Man..  it's been four months since I had my car on the road.    ..hopefully just another week or two!!  Man I miss that sexy Red.. motorized automobile.       ....hee hee. 

Wednesday, June 6, 2012

Things I Don't Get.

BAD IDEA.
i don't understand fake deer in people's yards.  but somehow i Get the flamingos.  but.. the best is...  the duck  ..in outfits.. to match the holidays.   ...... when i see this i feel like a complete alien.

talking on a telephone while driving an automobile is really dumb.  ..and i do it often.

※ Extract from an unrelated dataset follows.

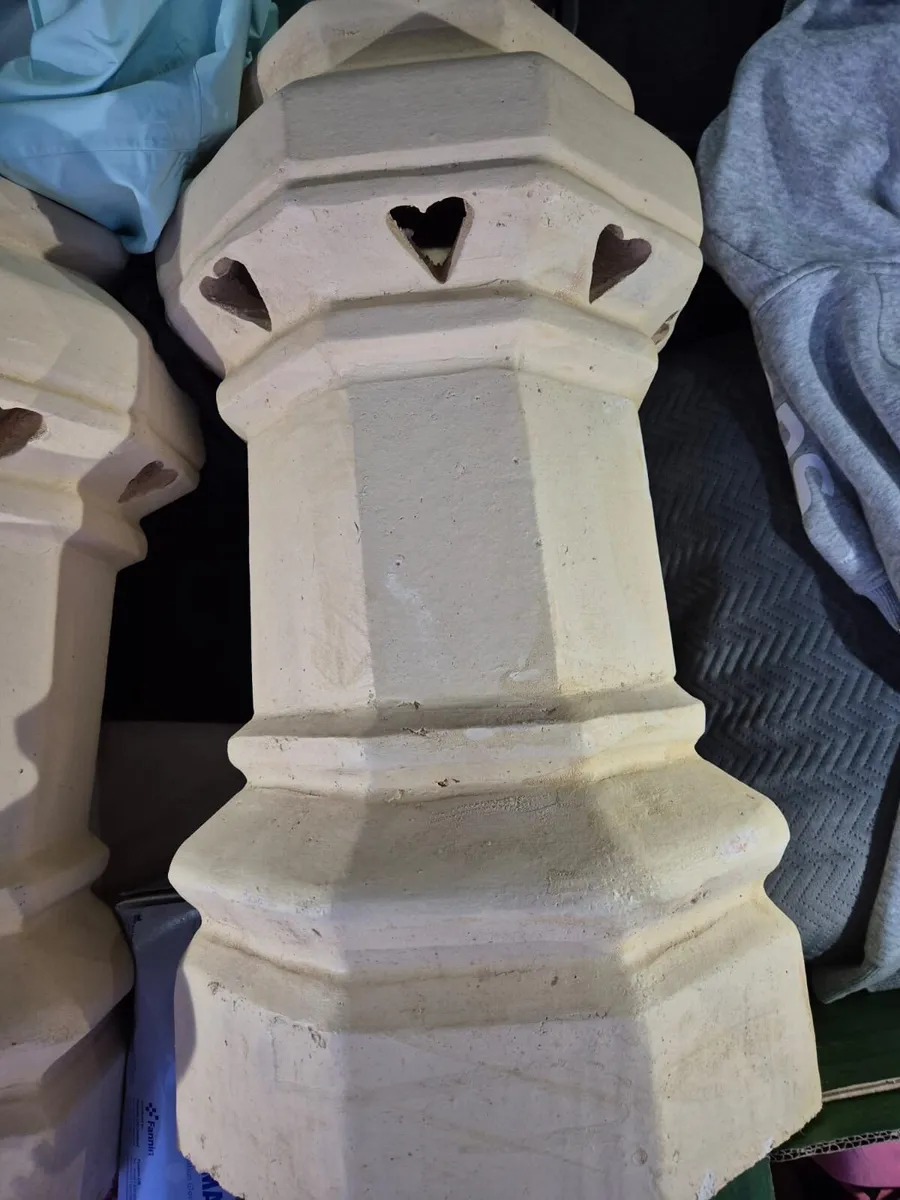 4 Traditional Buff Octagon Chimney Pot with Hearts - Image 2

telephone.  automobile.  bicycle.  television.  these words have been lost.  and i miss them.  what about bus?  that seems pretty short for an original. 

home-made garage sale signs.  have you seen these things??  they're pathetic.  i'm not sure which brain chamber tells them to bust out their fine-tip ballpoint pen to create their sign..  you want Actual Humans to show up at your sale right??  well, spend the 3 dollars on a FAT black magic marker and.. DO IT RIGHT.

nose-picking security.  do you have it?  i certainly don't.  you've seen the ones that do.  you look in your rear view... or to the car next to you.. and there they are... digging away... w/out a Care in the world.   i don't know how they do it.  i also don't understand why you wouldn't take care of this shit before you leave the house...

and then there's the dreadful passing thought of... what are they going to DO WITH IT!?!?   oh, the horror.  that probably tops the Things I Don't Get list at #1.  eating your... yeah.. i can't even SAY it.



i like to say the word "spectacular".